Tenn. R. App. P. 3 Appeal as of Right; Judgment of the Criminal Court Affirmed
A LAN E. G LENN, J., delivered the opinion of the Court, in which R OBERT W. W EDEMEYER
and J EFFREY S. B IVINS, JJ., joined.
Mary Camille Hickerson, Memphis, Tennessee, for the appellant, Darren Price.
Robert E. Cooper, Jr., Attorney General and Reporter; Kyle Hixson, Assistant Attorney
General; Amy P. Weirich, District Attorney General; and Paul Goodman, Assistant District
Attorney General, for the appellee, State of Tennessee.
OPINION
FACTS
In 2003, the petitioner was convicted by a Shelby County jury of attempted first
degree murder, attempted especially aggravated kidnapping, and two counts of aggravated
robbery and was sentenced by the trial court to an effective term of forty-nine years in the
Department of Correction. This court affirmed the convictions on direct appeal but
remanded for entry of corrected judgments to reflect that the aggravated robbery convictions
merged into one count. Our supreme court subsequently denied the petitioner’s application
for permission to appeal. State v. Darren Price, No. W2003-01447-CCA-MR3-CD, 2005 WL
314050, at *1 (Tenn. Crim. App. Feb. 9, 2005), perm. app. denied (Tenn. June 20, 2005).

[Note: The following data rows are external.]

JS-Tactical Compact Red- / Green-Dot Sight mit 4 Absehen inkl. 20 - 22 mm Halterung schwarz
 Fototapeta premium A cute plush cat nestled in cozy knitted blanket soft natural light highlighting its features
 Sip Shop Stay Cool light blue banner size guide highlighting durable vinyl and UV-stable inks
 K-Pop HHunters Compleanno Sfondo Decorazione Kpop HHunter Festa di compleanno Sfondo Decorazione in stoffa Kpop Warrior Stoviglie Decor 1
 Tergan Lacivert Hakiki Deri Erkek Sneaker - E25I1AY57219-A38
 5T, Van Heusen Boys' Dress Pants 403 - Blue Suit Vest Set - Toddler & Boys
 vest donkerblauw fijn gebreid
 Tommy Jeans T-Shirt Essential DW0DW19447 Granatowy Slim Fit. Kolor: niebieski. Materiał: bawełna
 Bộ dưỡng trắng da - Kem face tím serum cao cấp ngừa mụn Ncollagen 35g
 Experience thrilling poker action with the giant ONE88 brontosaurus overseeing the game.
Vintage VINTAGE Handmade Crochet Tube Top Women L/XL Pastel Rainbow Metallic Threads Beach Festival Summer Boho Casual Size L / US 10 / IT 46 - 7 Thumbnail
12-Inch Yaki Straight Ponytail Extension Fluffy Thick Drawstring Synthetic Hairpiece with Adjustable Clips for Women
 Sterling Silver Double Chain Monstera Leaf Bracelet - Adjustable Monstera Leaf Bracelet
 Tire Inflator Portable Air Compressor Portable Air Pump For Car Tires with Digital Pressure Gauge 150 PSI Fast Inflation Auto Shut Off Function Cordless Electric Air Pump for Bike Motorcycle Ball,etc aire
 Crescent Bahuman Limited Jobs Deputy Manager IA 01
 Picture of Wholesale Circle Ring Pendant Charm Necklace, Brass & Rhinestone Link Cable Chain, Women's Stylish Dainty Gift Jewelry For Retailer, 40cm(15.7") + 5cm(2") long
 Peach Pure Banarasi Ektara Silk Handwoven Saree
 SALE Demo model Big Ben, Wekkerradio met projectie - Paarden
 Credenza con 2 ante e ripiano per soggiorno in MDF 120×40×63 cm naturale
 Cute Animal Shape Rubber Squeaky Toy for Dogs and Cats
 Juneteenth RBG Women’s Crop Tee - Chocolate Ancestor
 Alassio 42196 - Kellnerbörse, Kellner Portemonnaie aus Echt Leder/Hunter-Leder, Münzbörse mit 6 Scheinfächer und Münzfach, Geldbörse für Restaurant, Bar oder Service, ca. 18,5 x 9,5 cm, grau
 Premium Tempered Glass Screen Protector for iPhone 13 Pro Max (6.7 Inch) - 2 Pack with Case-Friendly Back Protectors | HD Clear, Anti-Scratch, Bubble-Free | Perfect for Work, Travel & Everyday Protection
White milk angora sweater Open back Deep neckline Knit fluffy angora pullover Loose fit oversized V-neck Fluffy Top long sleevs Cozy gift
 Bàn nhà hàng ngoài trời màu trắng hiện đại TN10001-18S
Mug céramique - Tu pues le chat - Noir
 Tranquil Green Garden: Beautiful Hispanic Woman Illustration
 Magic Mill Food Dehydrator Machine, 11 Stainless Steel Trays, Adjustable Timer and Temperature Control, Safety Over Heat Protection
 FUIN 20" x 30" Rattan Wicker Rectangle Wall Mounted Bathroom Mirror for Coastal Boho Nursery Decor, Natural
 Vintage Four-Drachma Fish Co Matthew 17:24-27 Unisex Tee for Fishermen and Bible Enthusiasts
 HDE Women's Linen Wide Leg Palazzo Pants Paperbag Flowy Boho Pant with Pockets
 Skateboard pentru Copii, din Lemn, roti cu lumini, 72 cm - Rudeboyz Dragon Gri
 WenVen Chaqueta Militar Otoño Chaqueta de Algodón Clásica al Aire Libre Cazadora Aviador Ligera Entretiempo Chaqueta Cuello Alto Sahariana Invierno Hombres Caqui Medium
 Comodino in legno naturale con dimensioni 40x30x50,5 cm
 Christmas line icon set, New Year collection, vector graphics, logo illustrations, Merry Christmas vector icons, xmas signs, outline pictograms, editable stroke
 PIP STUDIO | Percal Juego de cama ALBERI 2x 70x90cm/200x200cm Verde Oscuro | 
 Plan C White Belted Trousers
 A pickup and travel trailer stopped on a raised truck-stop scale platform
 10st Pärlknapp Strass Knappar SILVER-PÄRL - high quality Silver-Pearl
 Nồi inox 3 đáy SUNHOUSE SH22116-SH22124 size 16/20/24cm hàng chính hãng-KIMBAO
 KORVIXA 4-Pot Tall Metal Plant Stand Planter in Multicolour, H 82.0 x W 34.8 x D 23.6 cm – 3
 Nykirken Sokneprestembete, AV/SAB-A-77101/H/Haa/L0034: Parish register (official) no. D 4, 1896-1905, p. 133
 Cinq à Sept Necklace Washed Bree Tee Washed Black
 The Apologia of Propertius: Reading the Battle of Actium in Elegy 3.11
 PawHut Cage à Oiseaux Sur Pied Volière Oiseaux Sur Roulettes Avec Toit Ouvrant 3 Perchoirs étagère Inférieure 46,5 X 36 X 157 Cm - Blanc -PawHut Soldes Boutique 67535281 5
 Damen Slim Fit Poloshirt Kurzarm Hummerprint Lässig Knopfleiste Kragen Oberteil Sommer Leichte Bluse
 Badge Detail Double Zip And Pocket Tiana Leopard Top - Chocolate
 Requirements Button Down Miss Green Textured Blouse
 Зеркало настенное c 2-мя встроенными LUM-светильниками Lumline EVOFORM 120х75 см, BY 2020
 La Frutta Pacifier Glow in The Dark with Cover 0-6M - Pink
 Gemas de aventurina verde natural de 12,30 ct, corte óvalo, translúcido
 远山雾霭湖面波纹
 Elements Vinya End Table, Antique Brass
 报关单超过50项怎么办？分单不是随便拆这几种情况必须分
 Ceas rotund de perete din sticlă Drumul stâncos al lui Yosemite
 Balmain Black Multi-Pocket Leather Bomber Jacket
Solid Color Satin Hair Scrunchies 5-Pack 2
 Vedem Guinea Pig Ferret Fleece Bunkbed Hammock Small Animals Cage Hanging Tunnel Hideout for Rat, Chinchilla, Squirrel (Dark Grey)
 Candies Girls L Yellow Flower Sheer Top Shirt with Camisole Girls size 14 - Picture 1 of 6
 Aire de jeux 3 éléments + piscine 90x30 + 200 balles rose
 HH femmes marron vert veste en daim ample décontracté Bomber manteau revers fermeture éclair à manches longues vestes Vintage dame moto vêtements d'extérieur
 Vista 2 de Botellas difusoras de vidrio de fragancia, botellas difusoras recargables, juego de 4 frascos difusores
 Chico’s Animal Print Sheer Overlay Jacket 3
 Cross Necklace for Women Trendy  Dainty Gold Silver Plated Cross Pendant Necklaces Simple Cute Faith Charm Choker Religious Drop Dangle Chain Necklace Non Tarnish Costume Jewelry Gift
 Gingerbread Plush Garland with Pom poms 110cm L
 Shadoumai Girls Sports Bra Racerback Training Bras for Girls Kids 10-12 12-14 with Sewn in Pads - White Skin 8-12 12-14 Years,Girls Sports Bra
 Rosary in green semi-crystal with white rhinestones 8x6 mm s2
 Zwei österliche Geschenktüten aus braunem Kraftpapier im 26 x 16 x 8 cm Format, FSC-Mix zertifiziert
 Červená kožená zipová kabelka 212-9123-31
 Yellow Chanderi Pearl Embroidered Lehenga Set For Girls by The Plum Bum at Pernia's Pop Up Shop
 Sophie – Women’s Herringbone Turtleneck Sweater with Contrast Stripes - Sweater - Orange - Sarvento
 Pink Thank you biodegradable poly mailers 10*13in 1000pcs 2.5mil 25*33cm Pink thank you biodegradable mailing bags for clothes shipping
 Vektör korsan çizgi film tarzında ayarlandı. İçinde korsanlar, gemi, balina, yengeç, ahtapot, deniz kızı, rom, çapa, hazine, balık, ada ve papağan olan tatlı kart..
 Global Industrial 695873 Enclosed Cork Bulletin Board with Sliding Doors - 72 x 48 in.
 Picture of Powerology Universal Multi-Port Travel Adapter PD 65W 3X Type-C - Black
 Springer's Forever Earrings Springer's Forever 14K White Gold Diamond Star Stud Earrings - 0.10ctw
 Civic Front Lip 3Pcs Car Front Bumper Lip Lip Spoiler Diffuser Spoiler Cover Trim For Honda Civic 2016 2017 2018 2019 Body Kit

Our direct appeal opinion provides the following summary of the evidence presented
at trial:
The victim, . . ., left her place of employment around 9:30 on the
evening of November 10, 2001. As she entered her vehicle, a two-door Ford
Explorer, she noticed a foul odor that had not been present in the vehicle
earlier that day. She described the smell as a combination of bad body odor
and hair product. At the time, she assumed the smell was coming from
discarded food bags in the backseat. She rolled down the windows and drove
to a nearby video store. The victim entered the store and returned to her
vehicle a few minutes later. As she got back into the vehicle and was shutting
the door, an arm reached from behind her seat and placed a twelve-inch knife
to her throat. At the same time, she was grabbed by her ponytail and held back
against the seat. A man’s voice told her not to move. The man was later
identified by the victim as the [petitioner], Darren Price. The [petitioner] told
her that he wanted her car and ordered her to drive him. The victim told him
to take the vehicle; however, he insisted on the victim driving him to another
location. The [petitioner] continued to hold the knife to the victim’s throat and
restrain her by her hair as he gave her instructions on where to drive. He led
the victim to a dark area on a dead end street and told her to park. The
[petitioner] then asked the victim if she had any money or credit cards. The
victim took out her bank cards and laid them on the console. As the
[petitioner] momentarily pulled the knife away in order to retrieve the items,
the victim opened the door and attempted to flee. Up until this point, the
victim was unable to see the [petitioner]’s face. She made it to the rear of the
vehicle before “[the petitioner] was pretty much on top of [her].” As she
turned around, “[the petitioner] was right in [her] face.” A struggle ensued,
and the victim was pushed to the ground. She was on her knees looking up at
the [petitioner] as he repeatedly tried to stab her. As the victim fought back,
she was pushed all the way to the ground. The victim was lying on her back
facing the [petitioner] as he continued to stab her while she fought back.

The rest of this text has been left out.